== Required action ==
Print every record below exactly as it stands, but leave out the pictures.

Short descriptive text snippets:
== Segment start ==

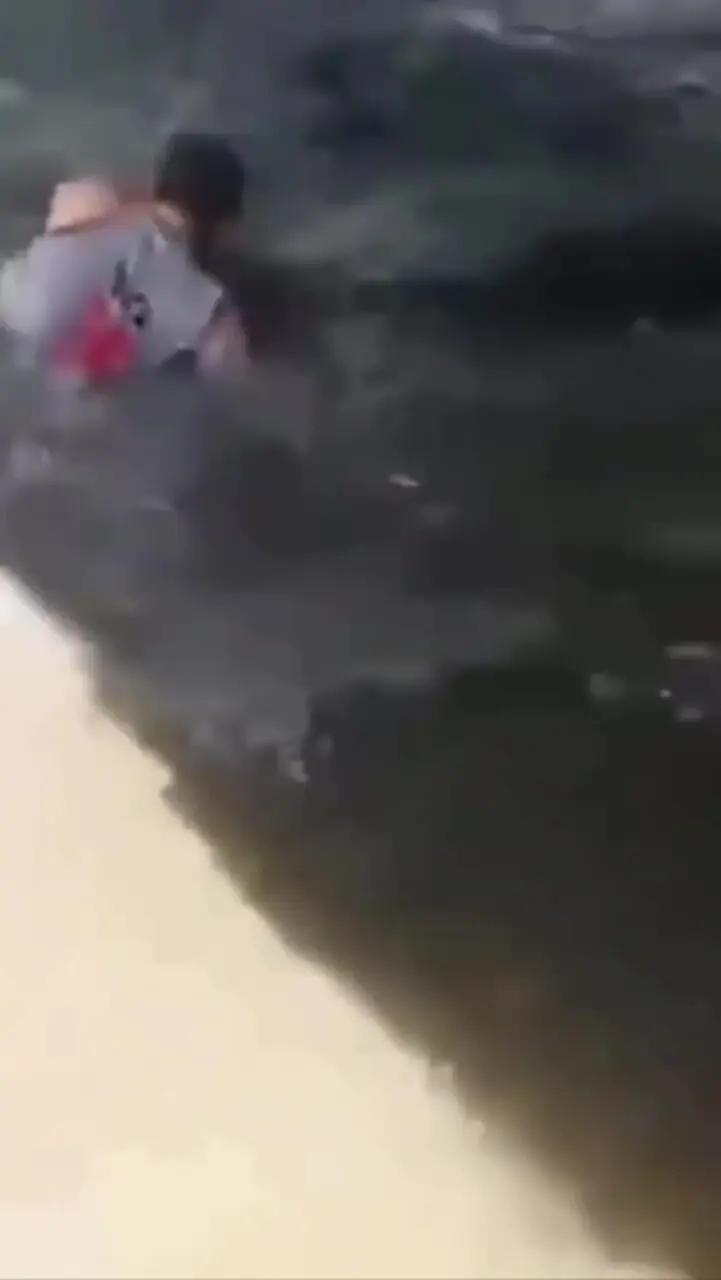 فیلم لحظه وحشتناک گرفتار شدن مرد در دهان کروکودیل در باغ‌وحش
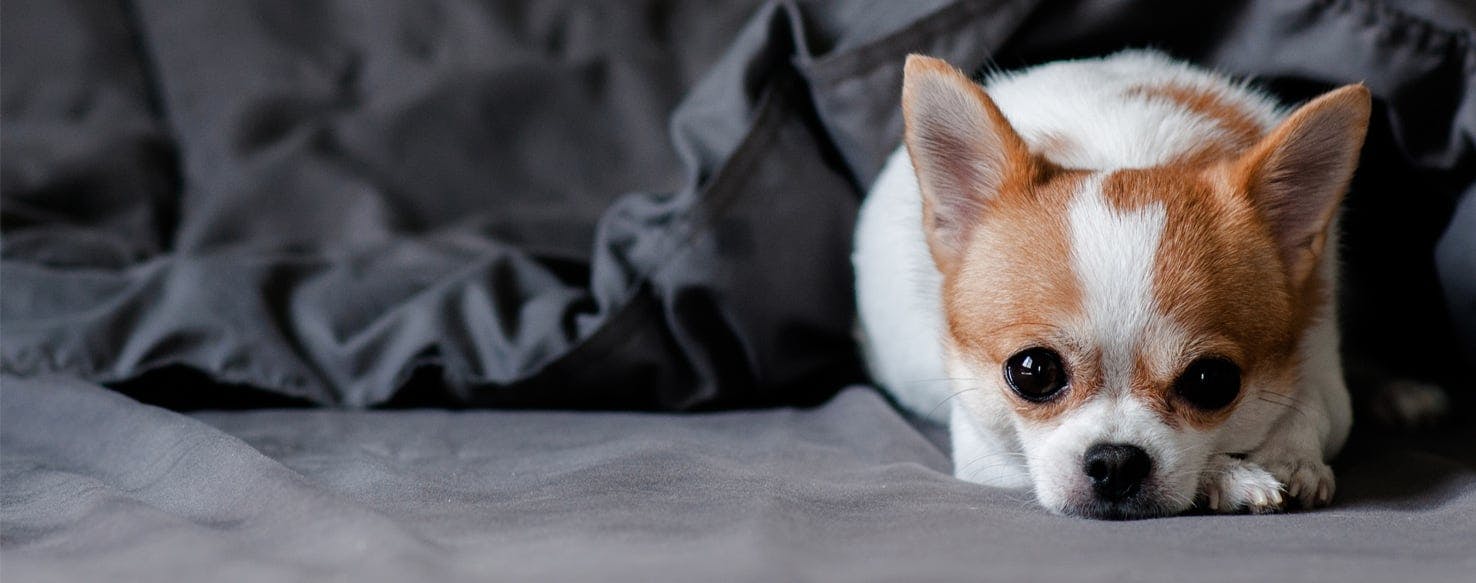 do dogs like to be under blankets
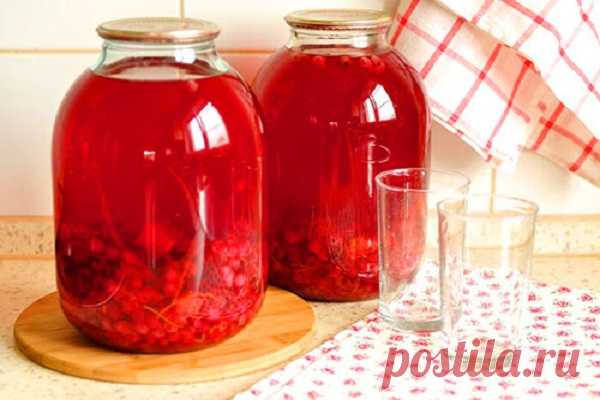 Компот из красной смородины с апельсинами — любимый компот моей семьи!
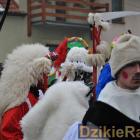 zdjęcie nr 450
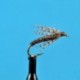 Pheasant Tail Soft Hackle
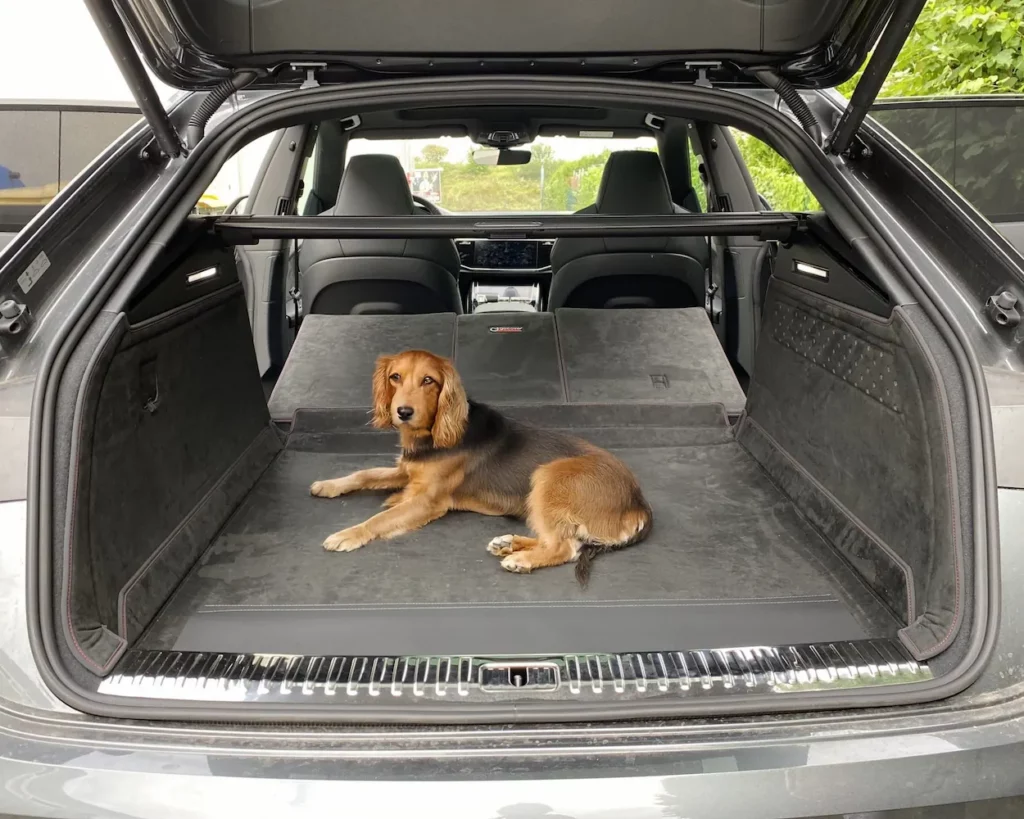 Hund Kofferraumschutz Audi Q8 (4M) ab 2018 - Kofferraumschutz für Hunde - Kofferraumwanne von CargoCover - Produktbild 1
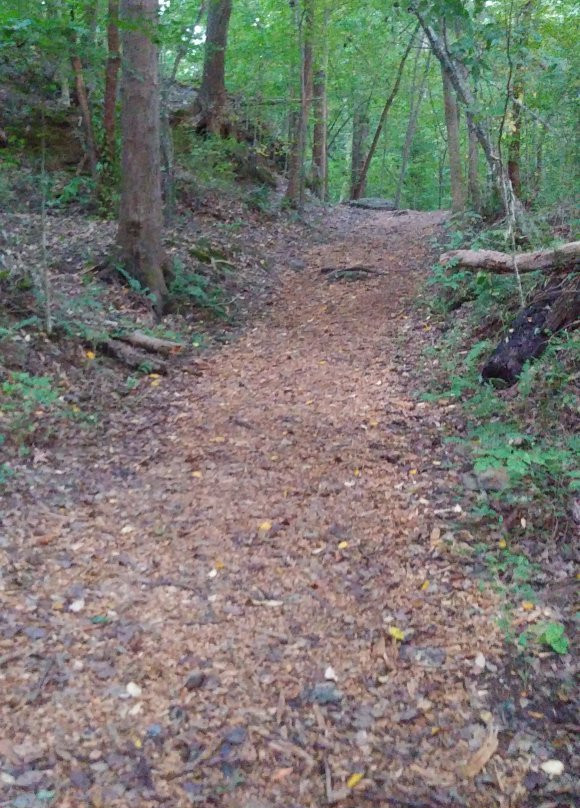Big Trees Forest Preserve-桑迪斯普林斯必去景点
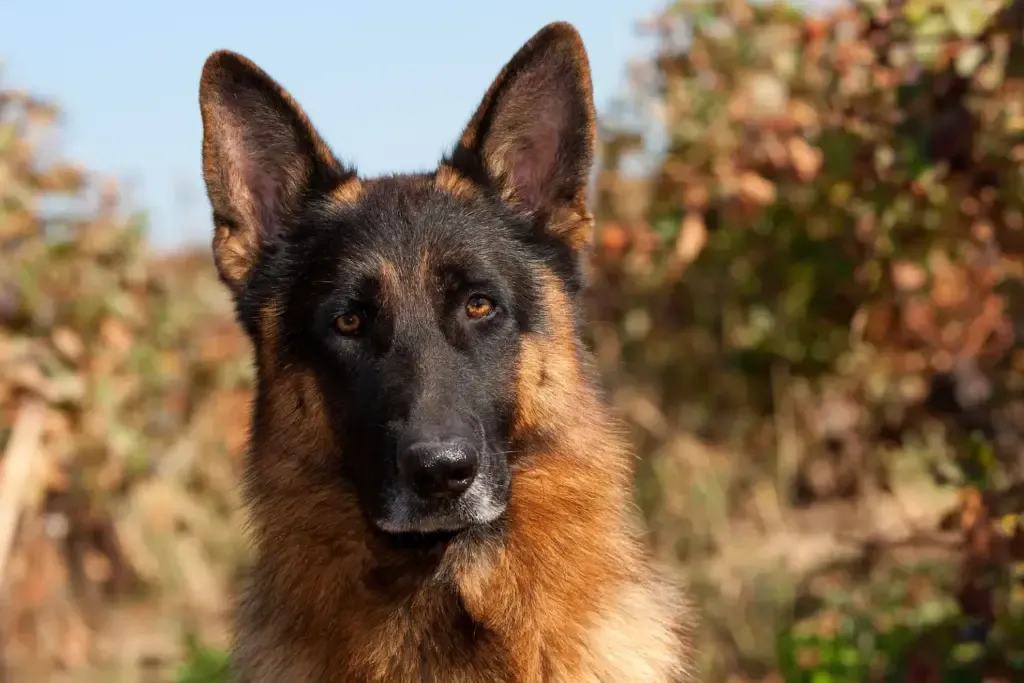 The Silent Guardian: Why Sometimes You Need to Trust Your Pet | April 26, 2026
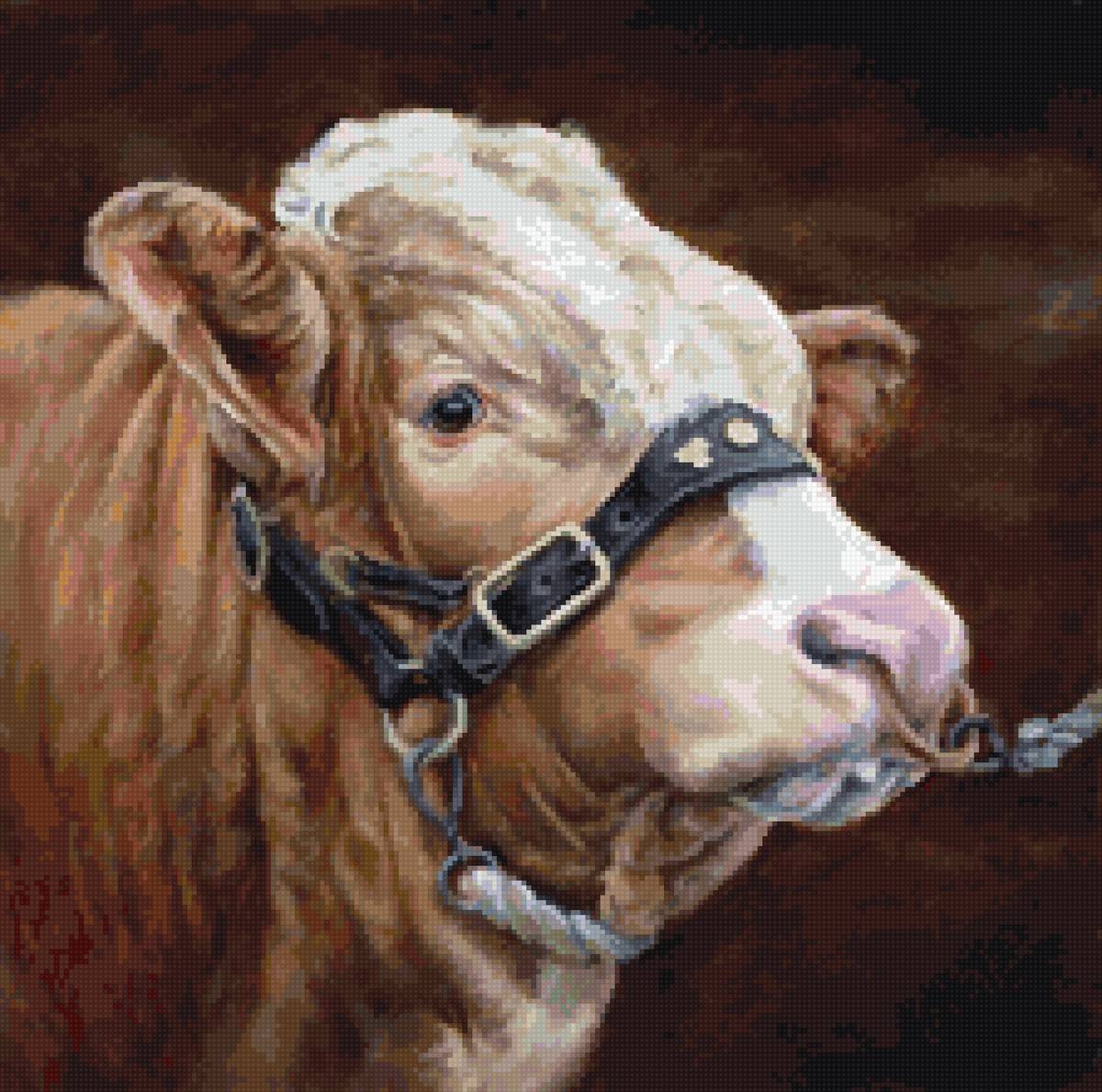 бык - предпросмотр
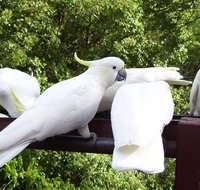 Lorikeet Lane BB - Accommodation NT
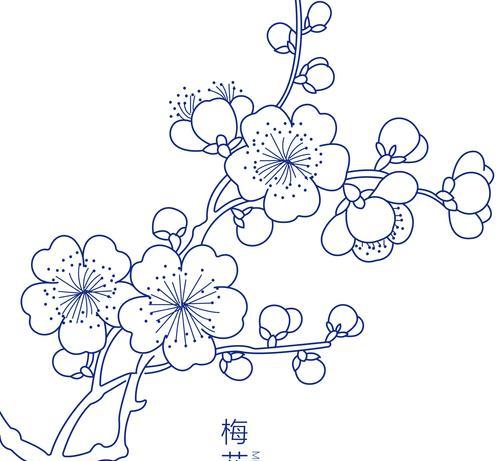 梅花的花语是什么？梅花象征着什么含义？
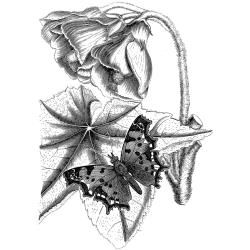 LaBlanche Silicone Stamp-Elegant Flower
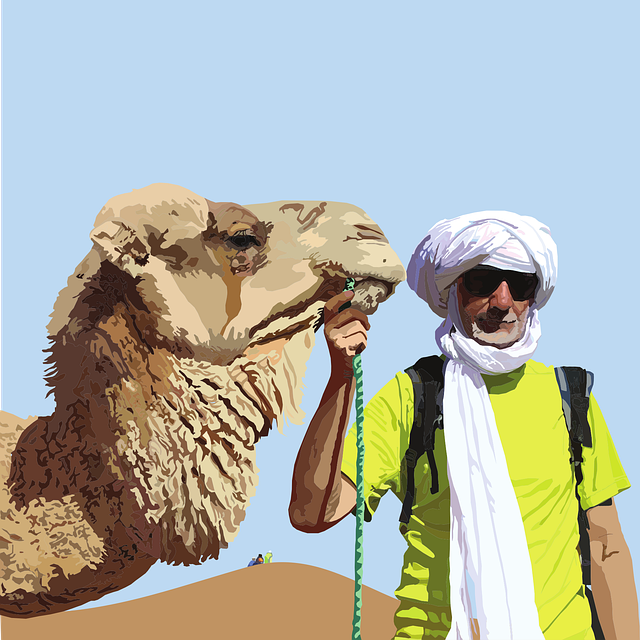 Free camel guide sahara vector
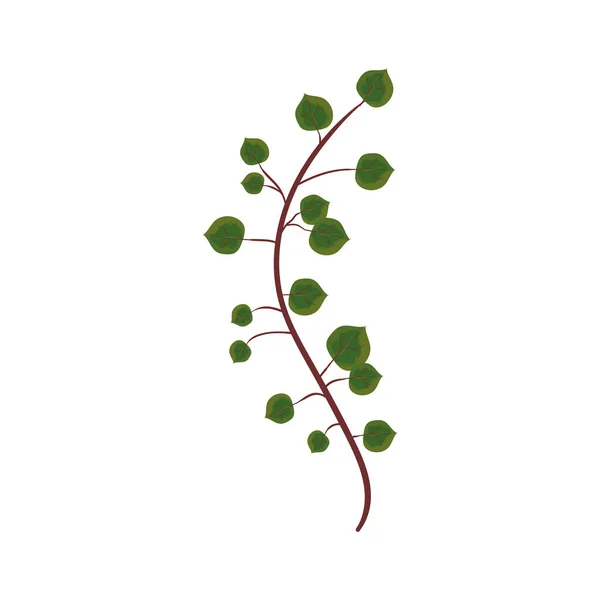Bello ramo vegetale — Vettoriale Stock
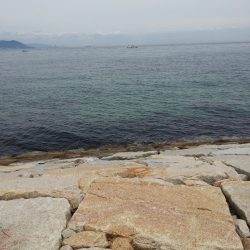 キス釣りのはずが………。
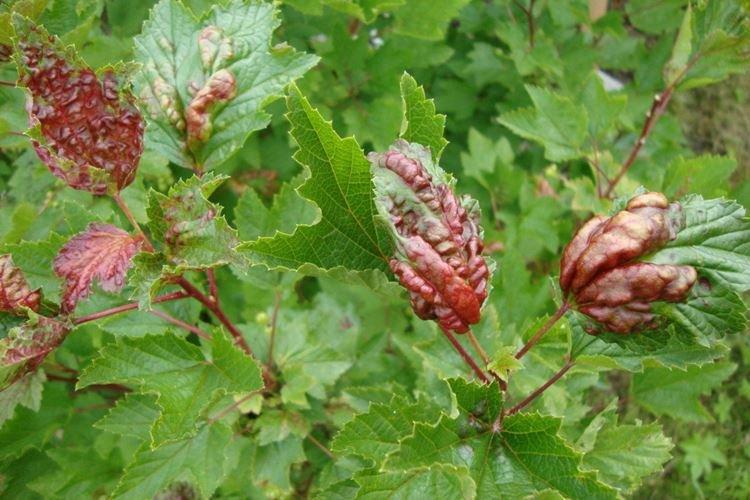 Anthracnose - Taches rouges sur les feuilles de cassis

== Segment end ==

== Exercise output ==
 فیلم لحظه وحشتناک گرفتار شدن مرد در دهان کروکودیل در باغ‌وحش
 do dogs like to be under blankets
 Компот из красной смородины с апельсинами — любимый компот моей семьи!
 zdjęcie nr 450
 Pheasant Tail Soft Hackle
 Hund Kofferraumschutz Audi Q8 (4M) ab 2018 - Kofferraumschutz für Hunde - Kofferraumwanne von CargoCover - Produktbild 1
Big Trees Forest Preserve-桑迪斯普林斯必去景点
 The Silent Guardian: Why Sometimes You Need to Trust Your Pet | April 26, 2026
 бык - предпросмотр
 Lorikeet Lane BB - Accommodation NT
 梅花的花语是什么？梅花象征着什么含义？
 LaBlanche Silicone Stamp-Elegant Flower
 Free camel guide sahara vector
Bello ramo vegetale — Vettoriale Stock
 キス釣りのはずが………。
 Anthracnose - Taches rouges sur les feuilles de cassis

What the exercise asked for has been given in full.